## Two way bounding

def: prove $f(x) = k$ by proving both $f(x)\leq k$ and $f(x)\geq k$

Suppose that T is an equilateral triangle with sides of length 2 units We can place a maximum of four points in the triangle such that every pair of points are more than 1 unit apart.

To show that 4 is the maximum number of points we can place with the required separations, we need to show that it’s possible to place 4 points, but it is not possible to place 5 points

To show that the maximum is at least four, notice that we can place three points at the corners of the triangle and one point in the center. The points at the corners are two units apart. To see that the point in the center is more than one unit from any corner, notice that the center, the corner, and the midpoint of the side form a right triangle.

To show that the maximum number of points cannot be greater than four, divide up the triangle into four smaller equilateral triangles as follows:

Suppose we tried to place five or more points into the big triangle. Since there are only four small triangles, by the pigeonhole principle, some small triangle would have to contain at least two points. But since the small triangle has side length only 1, these points can’t be separated by more than one unit.

### Graph coloring

A coloring of a graph G assigns a color to each node of G, with the restriction that two adjacent nodes never have the same color.

Complete graph: $K_n$ need n colors since each nodes are adjacent

Standard proof: To establish that n is the chromatic number for a graph G, we need to establish two facts:

• χ(G) ≤ n: G can be colored with n colors.
• χ(G) ≥ n: G cannot be colored with less than n colors

### Set Equality

prove set $A$ = $B$ by proving both $A ⊆ B$ and $B ⊆ A$

Let A = {15p + 9q | p, q ∈ Z} Then A = {multiples of 3}

(1) Show that A ⊆ {multiples of 3}.

Let x be an element of A. By the definition of A, x = 15s + 9t, for some integers s and t.

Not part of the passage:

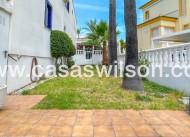 Venta - Adosado - Orihuela Costa - La Rioja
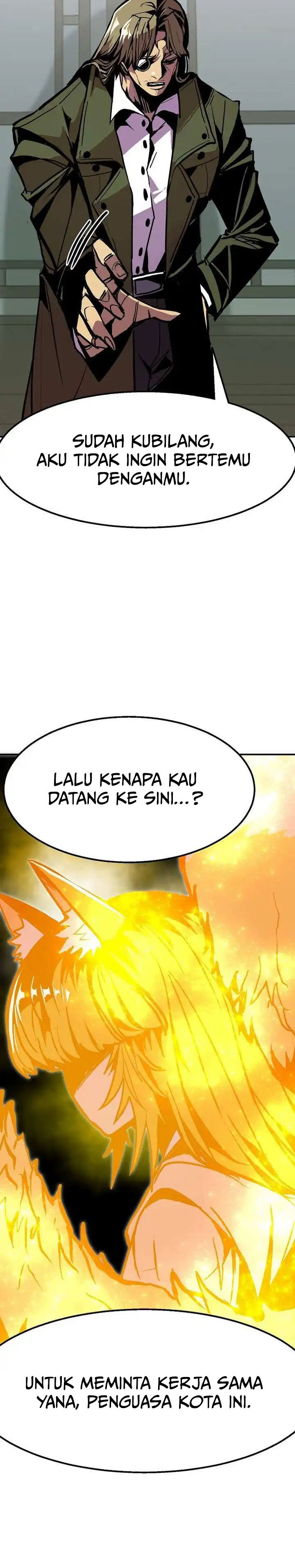 Dilarang COPAS - situs resmi www.mangacanblog.com - Komik worthless regression 097 - chapter 97 98 Indonesia worthless regression 097 - chapter 97 Terbaru 19|Baca Manga Komik Indonesia|Mangacan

But then x = 3(5s + 3t). 4s + 3t is an integer, since s and t are integers. So x is a multiple of 3.

(2) Show that {multiples of 3} ⊆ A.

Notice that (*) 15 · (−1) + 9 · 2 = 3. Let x be a multiple of 3. Then x = 3n for some integer n.

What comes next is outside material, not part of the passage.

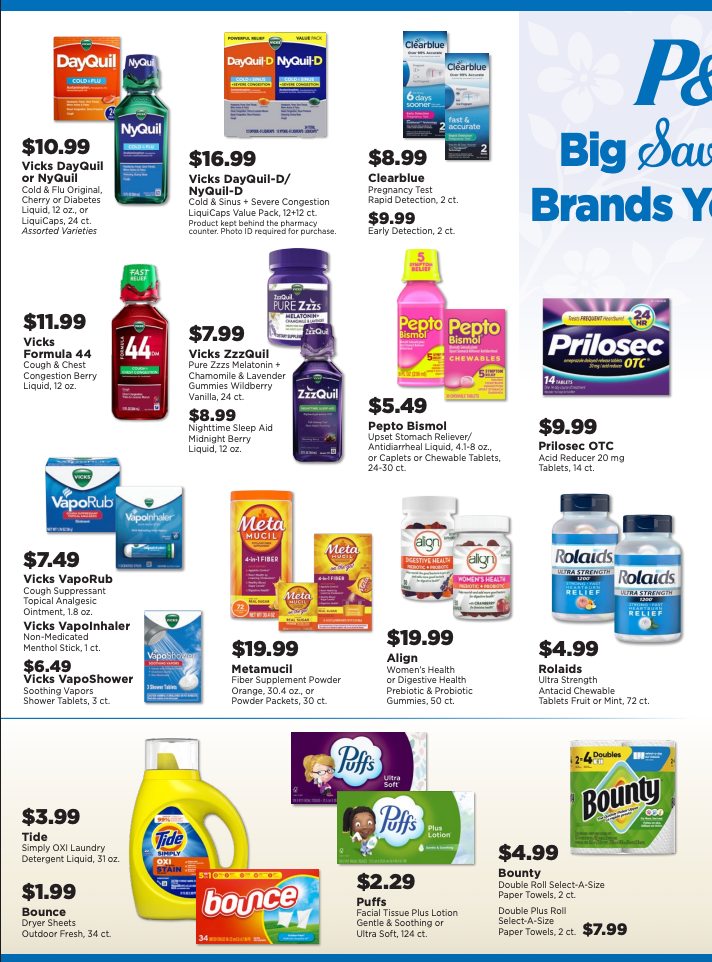 Screenshot 2026-03-12 at 10.08.02%E2%80%AFAM.png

Substituting (*) into this equation, we get x = (15 ·(−1)+ 9 · 2)n. So x = 15 · (−n) + 9 · (2n). So x is an element of A.

Since we’ve shown that A ⊆ {multiples of 3} and {multiples of 3} ⊆ A, we can conclude that A = {multiples of 3}.

## Simple Induction

Mathematical induction is a technique for showing that a statement P(n) is true for all natural numbers n, or for some infinite subset of the natural numbers

### Proving

P(n) is true for all positive integers n.

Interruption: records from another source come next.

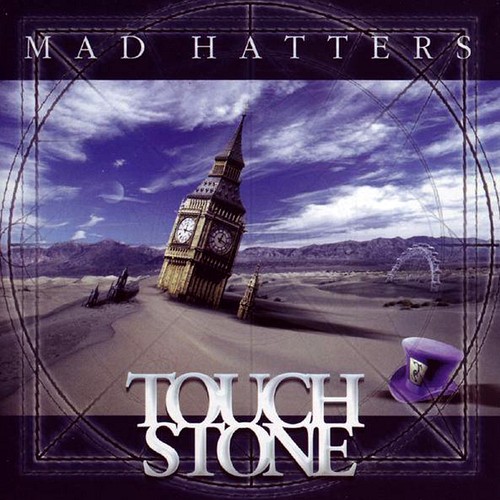 Mad Hatters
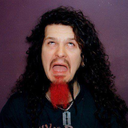 blacktoothgrin-pantera-blog avatar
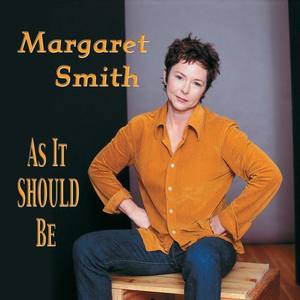 Margaret Smith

Proof: We’ll use induction on n.

Base: We need to show that P(1) is true.

Induction: Suppose that P(n) is true for n = 1, 2, . . . , k−1. We need to show that P(k) is true.

Why make sense: Domino Theory/ Recursion fairy/ Defining property of the integers

Induction is similar to recursion which applied on bases firstly and then prove another value to be true and continues on till prove every infinite subset of nature number.

P(n) is $\sum_{i=1}^ni=\frac{n(n+1)}{2}$, proving if this proposition is true

We will show that $\sum_{i=1}^ni=\frac{n(n+1)}{2}$ for any positive integer n, using induction on n.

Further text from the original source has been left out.